Bajo el antiguo régimen se podía ser ministro de Educación de Prusia sin haber estado jamás un centro de enseñanza superior, mientras que, en principio, para ser consejero (Vortragender Rat) era requisito ineludible el haber aprobado las pruebas prescritas. Es evidente que, por ejemplo, cuando Althoff era ministro de Instrucción de Prusia, los funcionarios profesionales especializados, como el consejero o el jefe de sección, estaban infinitamente mejor informados que su jefe sobre los verdaderos problemas técnicos del ramo. Lo mismo sucedía en Inglaterra. En consecuencia eran estos funcionarios los que tenían un poder real frente a las necesidades cotidianas, cosa que no es en sí misma ninguna insensatez. El ministro era simplemente el representante de la constelación de poderes políticos existente, y su función era la de defender las medidas políticas que estos poderes determinasen, resolver conforme a ellas las propuestas de los especialistas que le estaban subordinados, e impartir a éstos las correspondientes directrices de orden político.

Exactamente lo mismo ocurre en una empresa económica privada. El verdadero «soberano», la asamblea de accionistas, está tan privada de influencia sobre la dirección de la empresa como un «pueblo» regido por funcionarios profesionales. A su vez, las personas que determinan la política de la empresa, los integrantes del «Consejo de Administración», dominado por los Bancos, se limitan a dar las directrices económicas y a designar a las personas que han de administrarla, sin ser capaces, sin embargo, de dirigirla técnicamente por sí mismos. Hasta ahora tampoco ha innovado nada fundamental a este respecto la estructura actual del Estado revolucionario, que ha entregado el poder sobre la administración a unos diletantes puros que disponían de las ametralladoras y querían utilizar a los funcionarios profesionales sólo como mente y brazo ejecutor. Las dificultades de este nuevo tipo de Estado son otras y no hemos de ocuparnos aquí de ellas. La cuestión que ahora nos interesa es la de cuál sea la fila típica del político profesional, tanto la del «Caudillo» como la de sus seguidores.
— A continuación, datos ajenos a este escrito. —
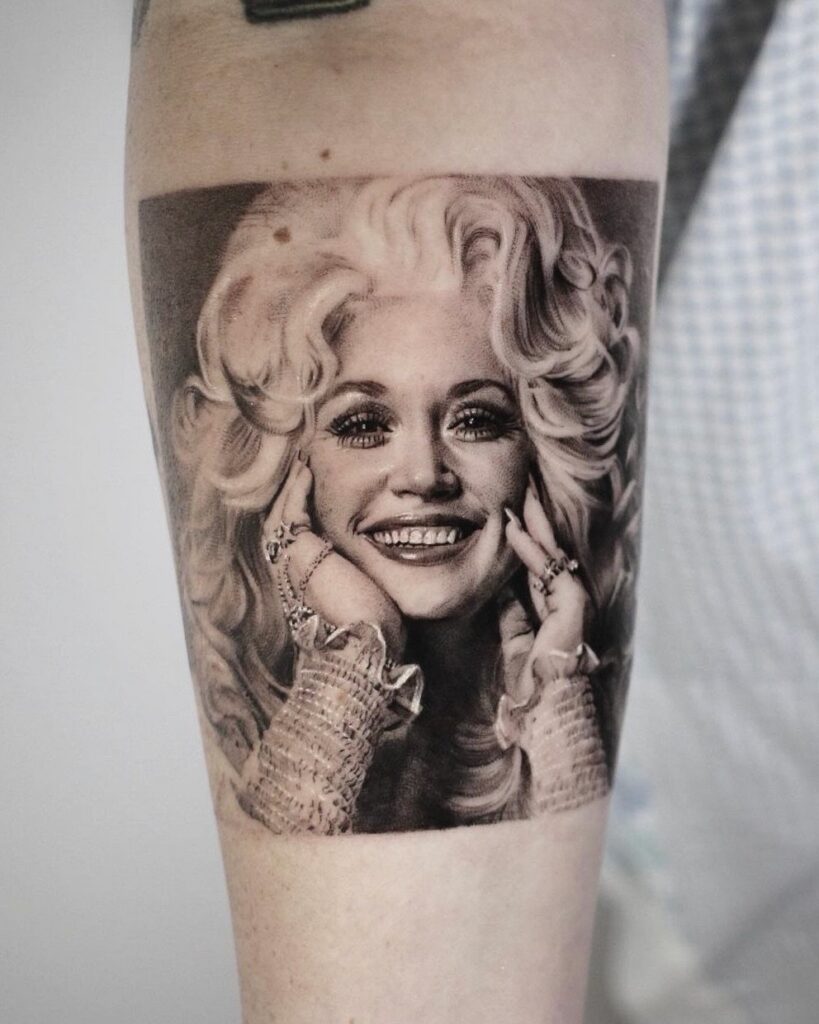 Dolly Parton portrait tattoo in black and grey ink on a person's arm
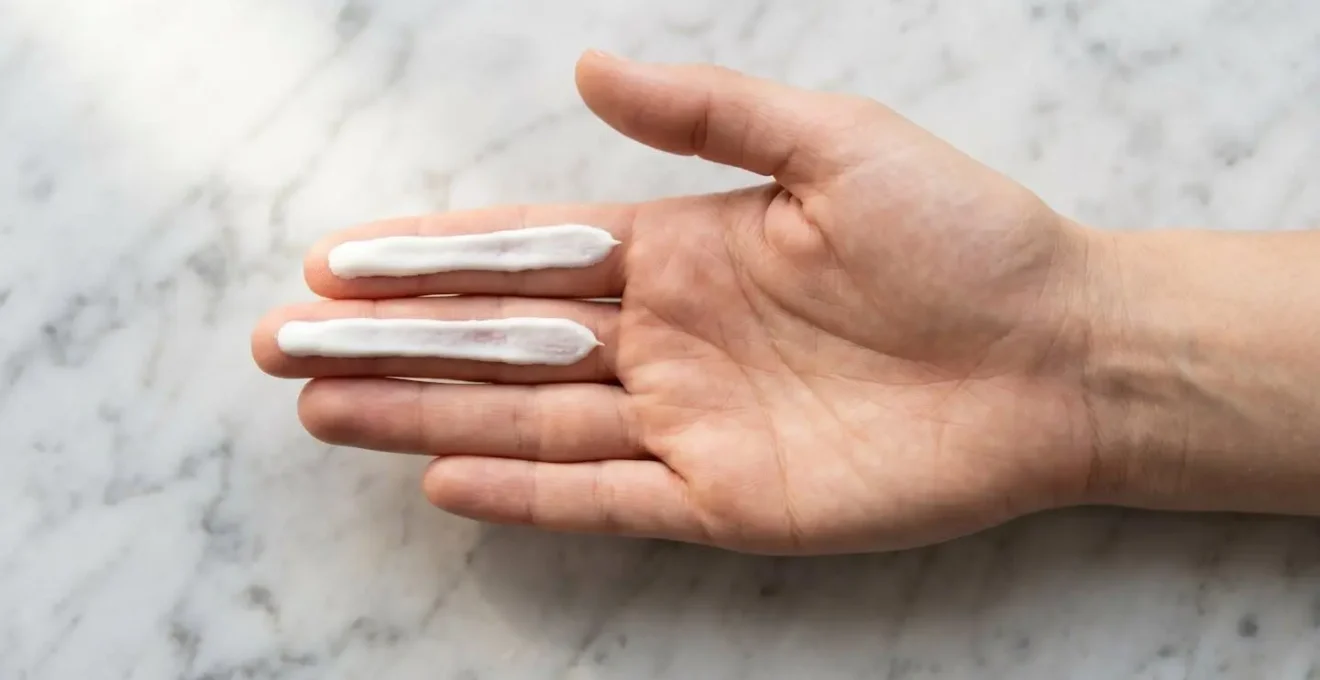 Hand demonstrating the two-finger measurement technique for sunscreen application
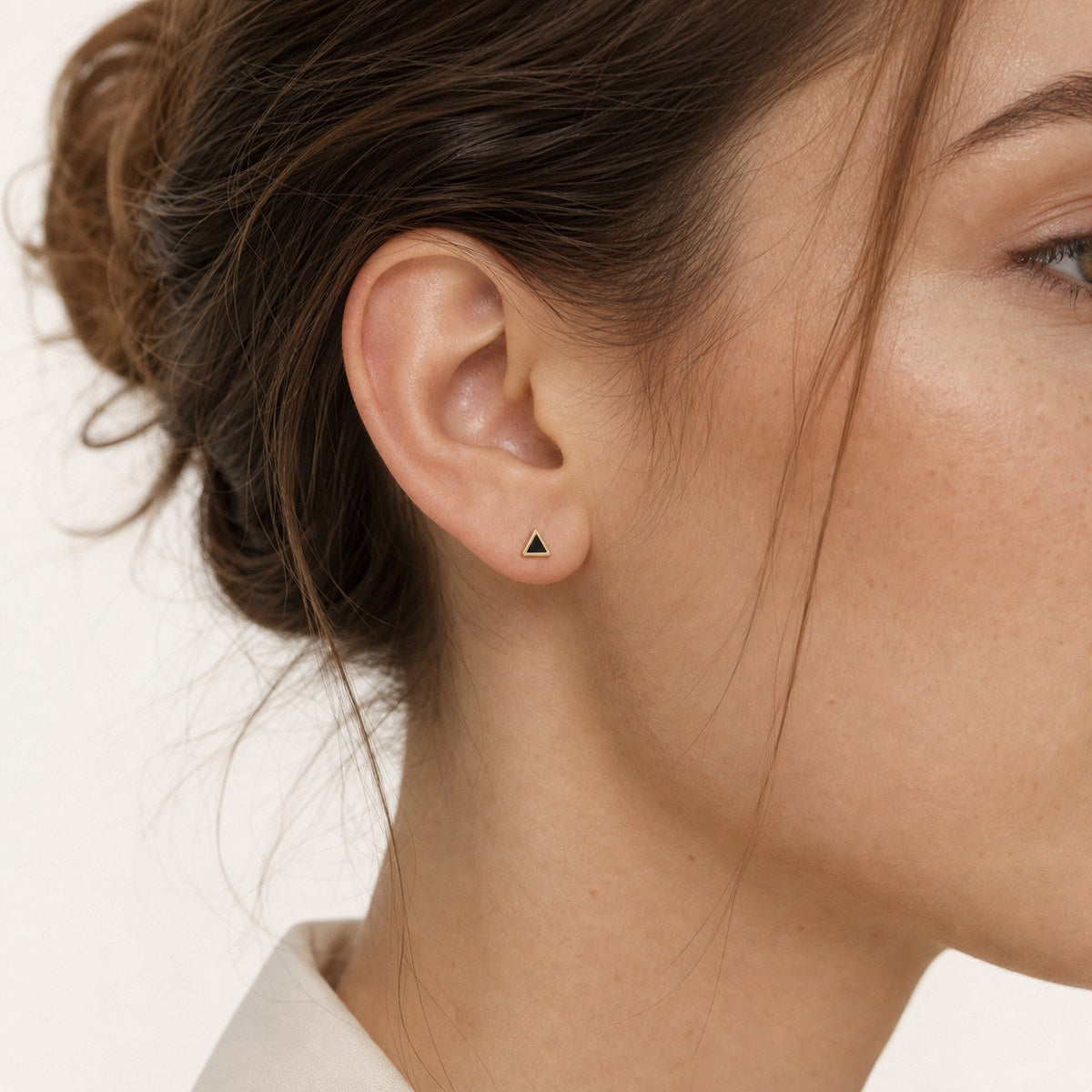 14K solid gold black triangle stud earrings worn on an ear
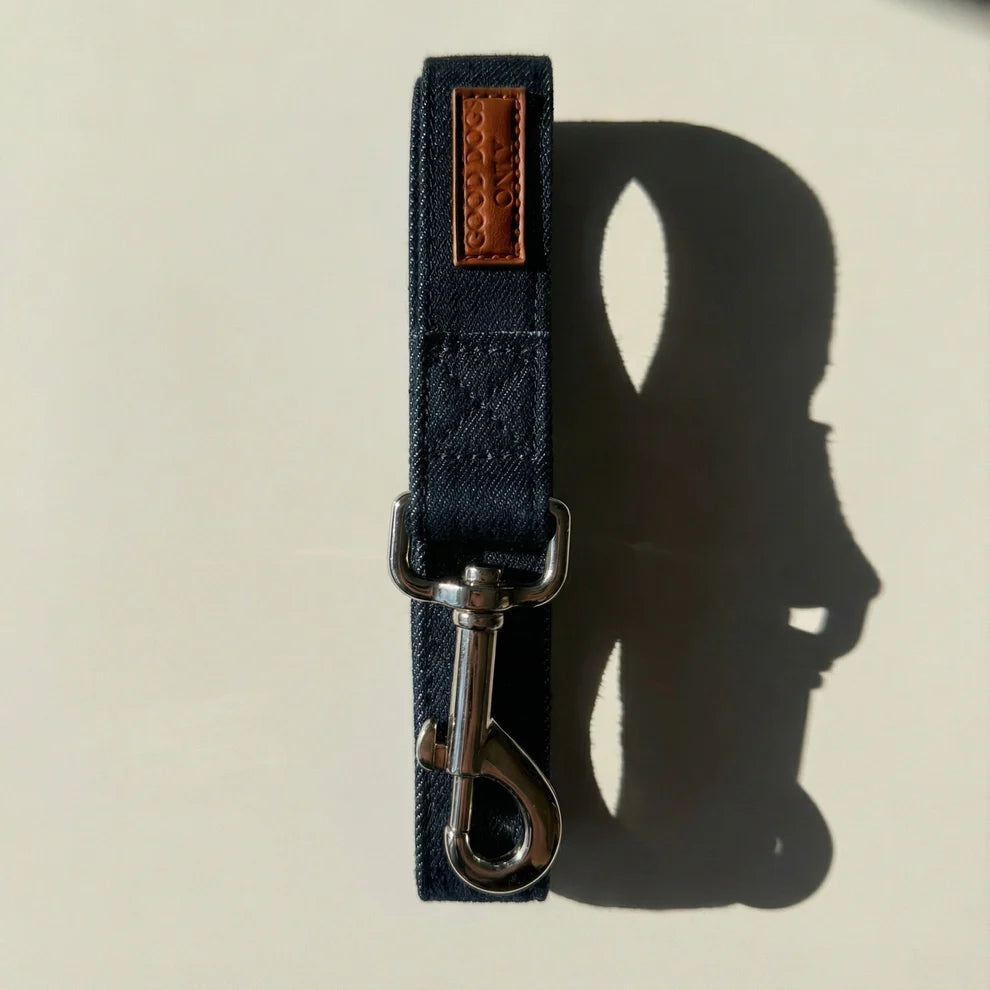 Navy blue dog leash with metal clip on a beige background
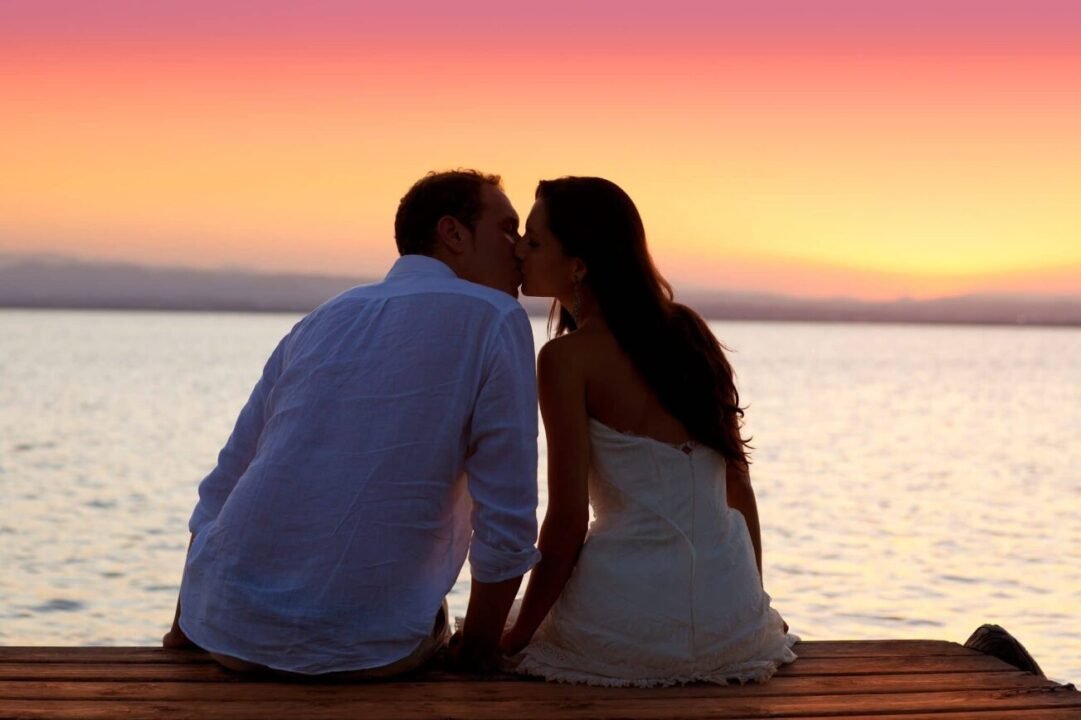 Tranquil sunset moment: couple on dock, colorful sky reflected in water, love and serenity.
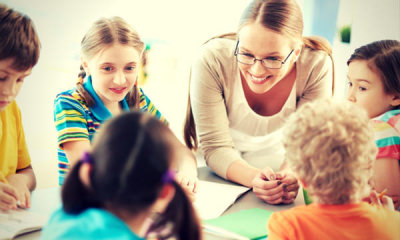 teacher talking with kids
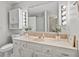 Bright bathroom features a vanity with a large mirror, Hollywood style vanity lighting, and marble tile floor at 601 Conner Creek Dr, Fishers, IN 46038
Esta figura ha cambiado con el tiempo y se nos presenta hoy además bajo muy distintos aspectos.

En el pasado, como antes veíamos, han surgido «políticos profesionales» al servicio del príncipe en su lucha frente a los estamentos. Veamos brevemente cuáles fueron los tipos principales de esta especie. Frente a los estamentos, el príncipe se apoyó sobre capas sociales disponibles de carácter no estamental. A estas capas pertenecían en primer lugar los clérigos, y eso tanto en las Indias Occidentales y Orientales como en la Mongolia de los lamas, las tierras budistas de China y el Japón y los reinos cristianos de la Edad Media. La razón de la importancia que como consejeros del príncipe alcanzaron los brahmanes, los sacerdotes budistas, los lamas y los obispos y sacerdotes cristianos, radica en el hecho de que podía estructurarse con ellos un cuadro administrativo capaz de leer y escribir, susceptible de ser empleado en la lucha del emperador, o del príncipe o del khan, contra la aristocracia. A diferencia de lo que sucedía con el feudatario, el clérigo, y sobre todo el clérigo célibe, está apartado del juego de los intereses políticos y económicos normales y no siente la tentación de crear para sus descendientes un poder político propio frente al del señor. Sus propias cualidades estamentales lo «separan» de los medios materiales de la administración del príncipe.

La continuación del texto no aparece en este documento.